### Try it:
Your response to the data below should hold nothing except the lines from the one containing "יונדאי איוניק" down to the one containing "Ferienwohnung Nuener Grins ภายนอก รูปภาพ", reproduced exactly and without pictures.

### Provided material:

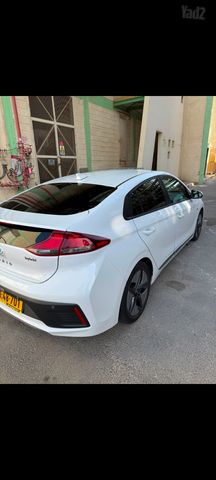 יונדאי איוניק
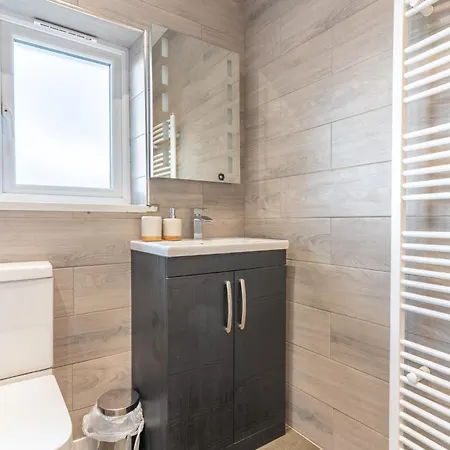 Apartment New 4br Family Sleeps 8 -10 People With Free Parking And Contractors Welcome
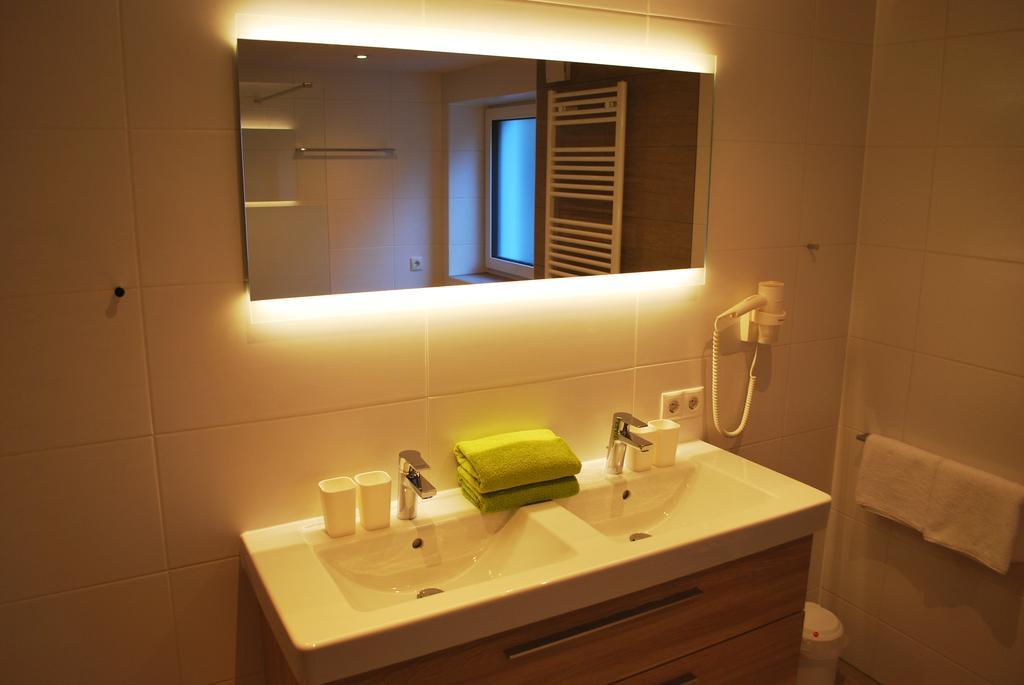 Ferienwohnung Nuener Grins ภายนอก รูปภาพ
...
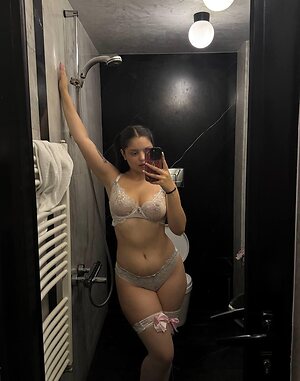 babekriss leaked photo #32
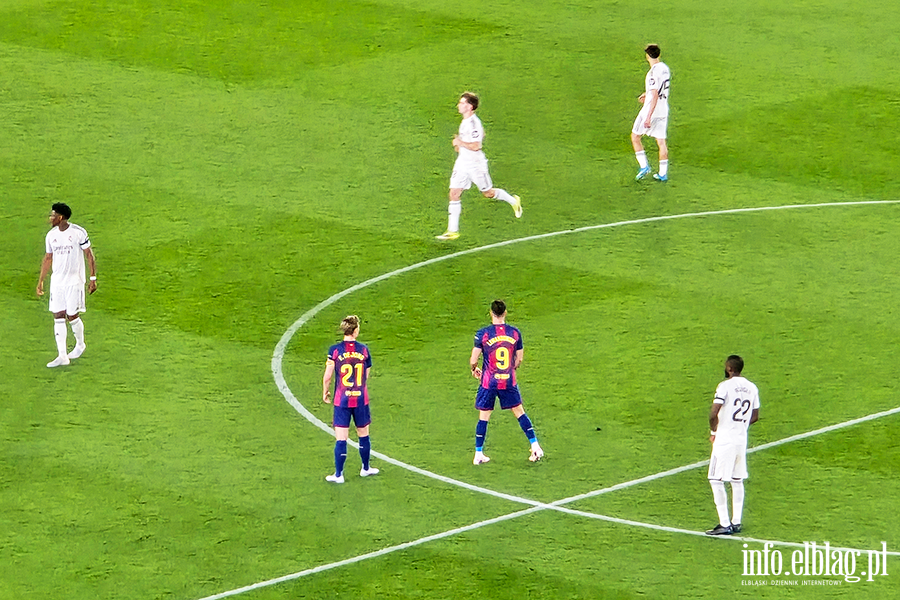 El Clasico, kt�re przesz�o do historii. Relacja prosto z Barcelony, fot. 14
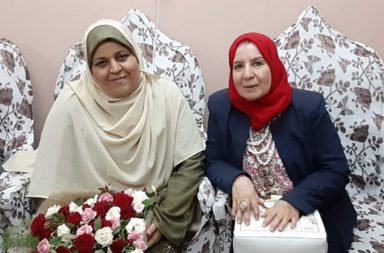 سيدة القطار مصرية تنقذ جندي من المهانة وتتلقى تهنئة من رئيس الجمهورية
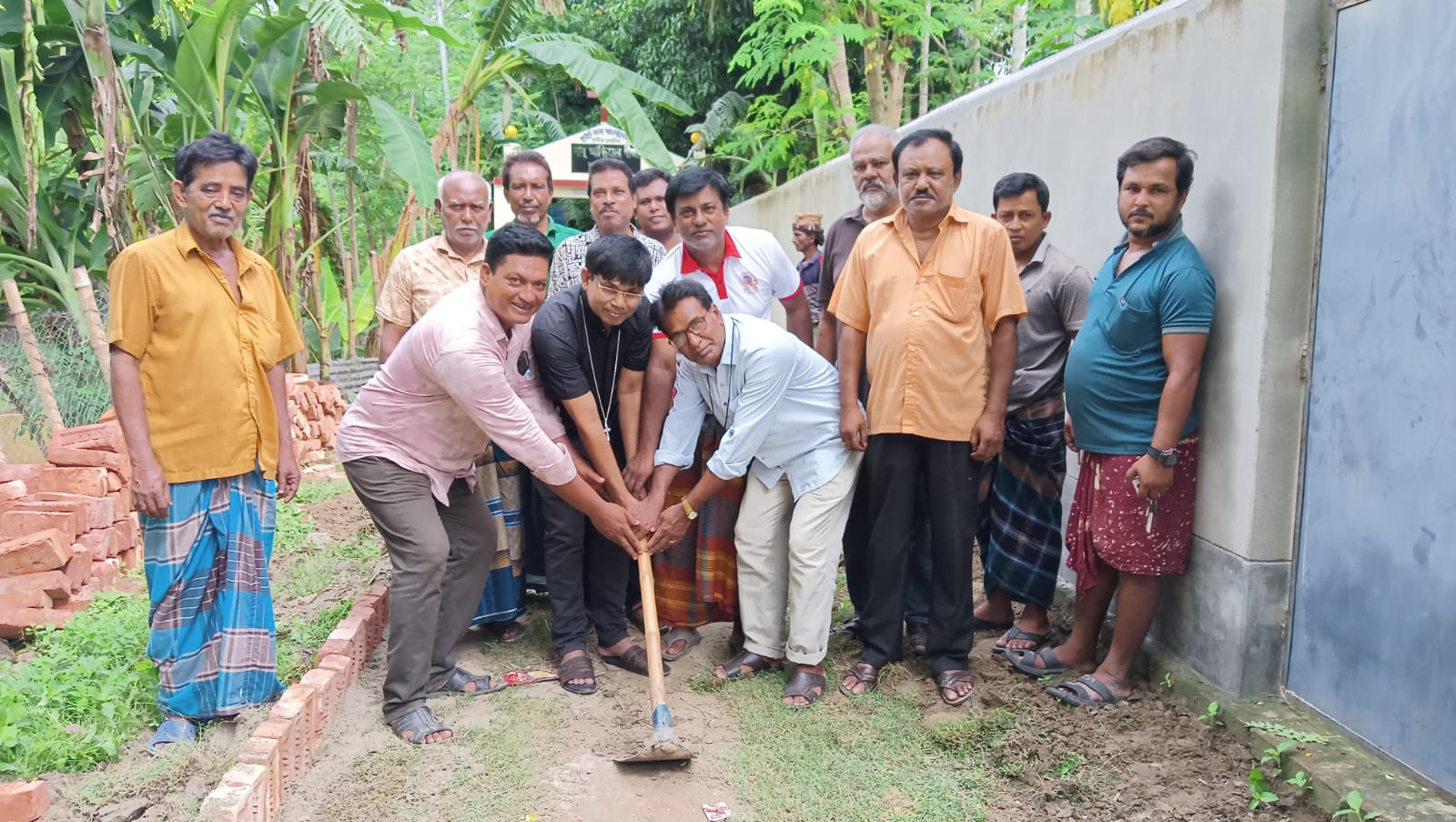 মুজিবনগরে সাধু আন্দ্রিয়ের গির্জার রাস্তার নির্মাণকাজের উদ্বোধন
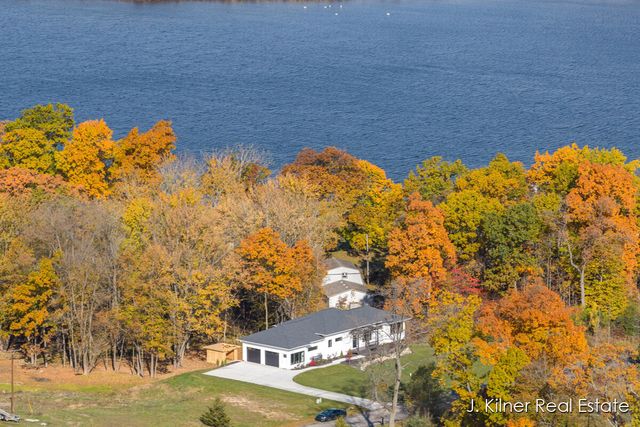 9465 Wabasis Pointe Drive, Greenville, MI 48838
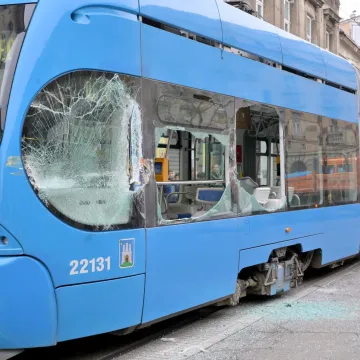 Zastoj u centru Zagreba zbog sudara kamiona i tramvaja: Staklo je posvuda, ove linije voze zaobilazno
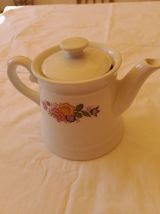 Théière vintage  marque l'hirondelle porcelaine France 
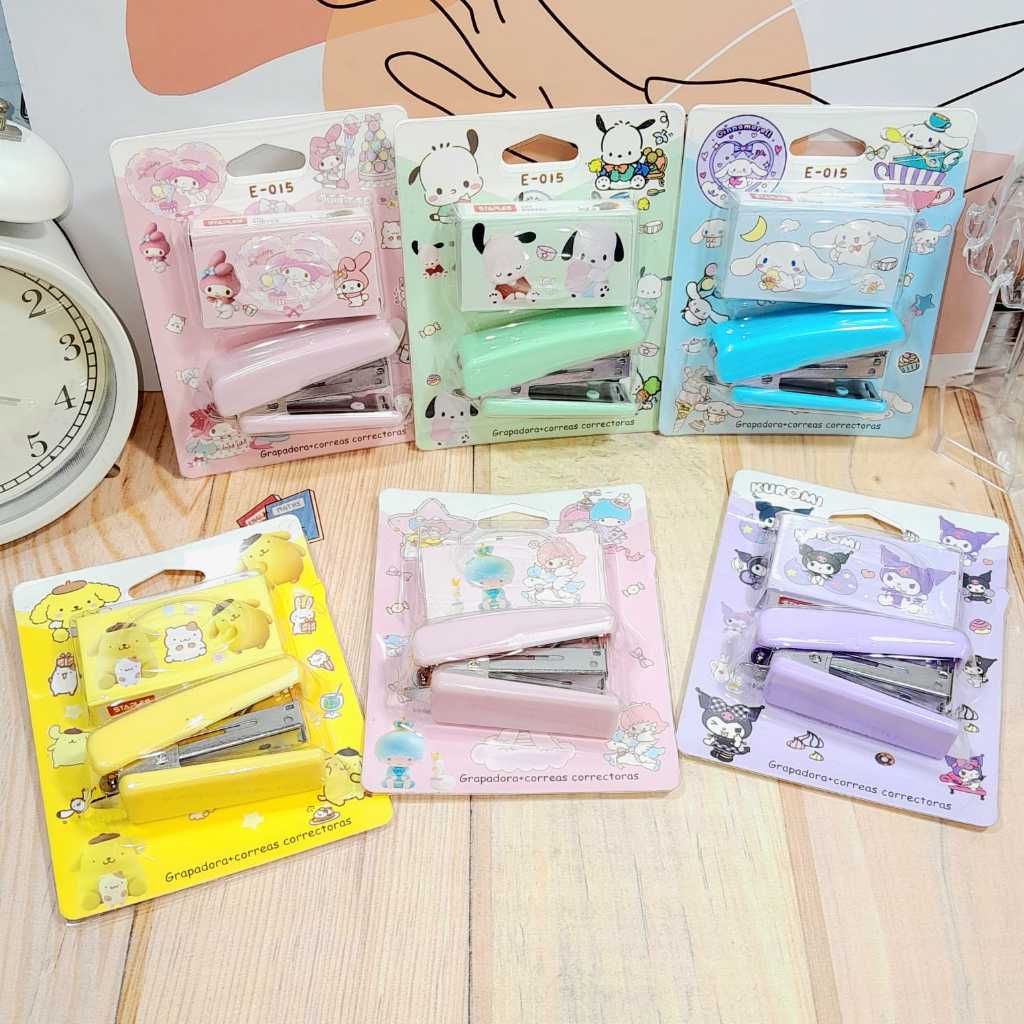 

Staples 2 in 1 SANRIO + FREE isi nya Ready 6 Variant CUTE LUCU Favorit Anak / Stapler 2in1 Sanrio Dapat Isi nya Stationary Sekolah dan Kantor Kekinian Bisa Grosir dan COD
==
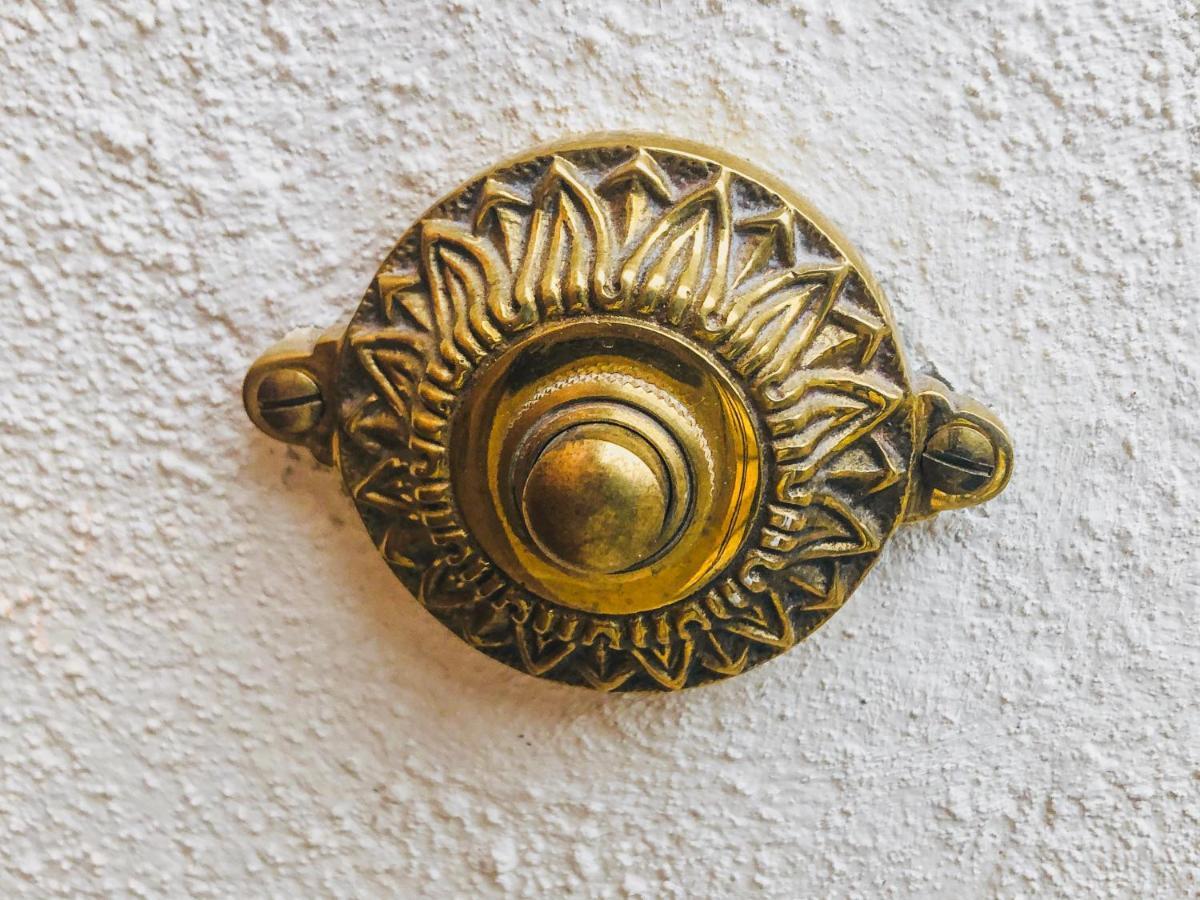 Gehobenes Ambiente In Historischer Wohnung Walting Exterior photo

### Response to this task:
 יונדאי איוניק
 Apartment New 4br Family Sleeps 8 -10 People With Free Parking And Contractors Welcome
 Ferienwohnung Nuener Grins ภายนอก รูปภาพ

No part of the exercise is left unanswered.